Kafamı ona çevirip gözlerine baktım. "Sen de beni önemsemedin Korkut." dedim sinirle. Bunu ona söylemedikçe rahatlayamayacaktım. Bu sözleri beklemiyordu karşımdaki adam. Oldukça şaşırmıştı. "Ne?" diyen sesi de bunu kanıtlıyordu.
"Eğer sen beni önemseseydin o kız karşında o lafları derken ağzını açıp sustururdun o kızı. Ama sen ne yaptın? Dinledin. Benimle evli kalırken onunla da evlenmeni isteyen, hatta bunun için sana yalvaran kızın karşısında sadece sustun ve dinledin.
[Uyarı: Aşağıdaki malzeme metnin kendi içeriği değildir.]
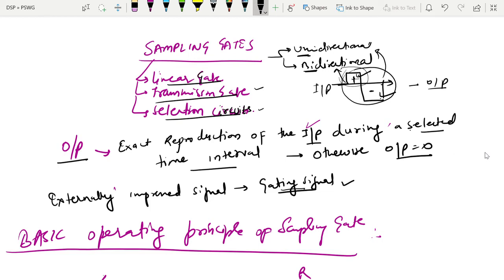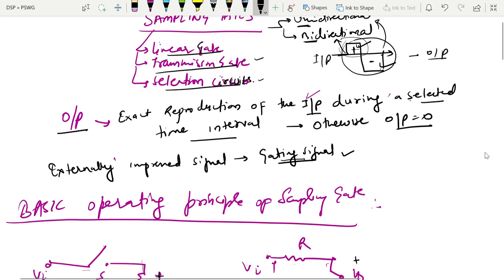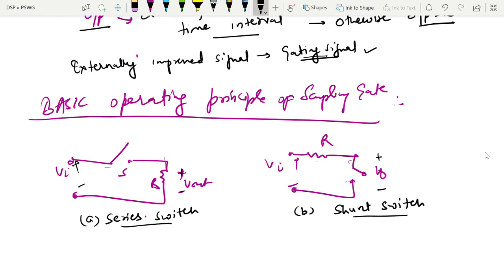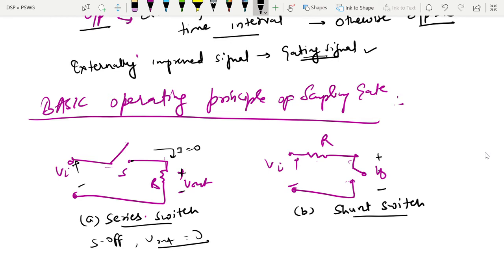The basic operating principle of a sampling gate can be understood in two ways: as a series switch or a shunt switch. If you have input and output with the switch open, then the output will be zero because it is an open circuit — the current is zero, and since output equals current times resistance, the output is zero. If the switch is on, the output will be reflected and will be equal to the input.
Sanki zaten istediğin şey buymuş gibi dinledin."
Ayağa kalkıp onun karşısına dikildim. İşaret parmağımla kalbine dokundum. "Ben seni kalbinde yer edinmeye başladığımı zannederken sen o kızı dinledin!"
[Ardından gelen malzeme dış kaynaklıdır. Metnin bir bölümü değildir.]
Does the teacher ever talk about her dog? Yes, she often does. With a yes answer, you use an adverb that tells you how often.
Normalde çoktan ağlardım ben. Nedense şimdi gözlerim bile dolmuyordu. Sadece içimdekileri kusmak istiyordum.
"Ona, istemediğini söylediğini duydum. Ama yine de sen o kızı istesen sustururdun Korkut. Herkesi susturan, korkutan sen o kızı mı susturamayacaktın? O lafları nasıl dinleyebildin ya sen?" Sesim ilk defa bu kadar sert çıkıyordu. Ben bile kendime şaşırıyordum, Korkut benden daha da şaşkındı.
"O kızın dediklerini düşündün mü Korkut, söyle bana. Söyle bana o kızı benim üzerime getirip karın yapma fikri aklından hiç geçti mi? Geçti de o yüzden mi susup dinledin?" Sanki hiç üzülmüyormuş gibi bu kadar dik başlı durup konuşmam öyle garipti ki... Sızlayan kalbimi yok sayarak dilimden bu sözler nasıl çıkıyordu aklım ermiyordu.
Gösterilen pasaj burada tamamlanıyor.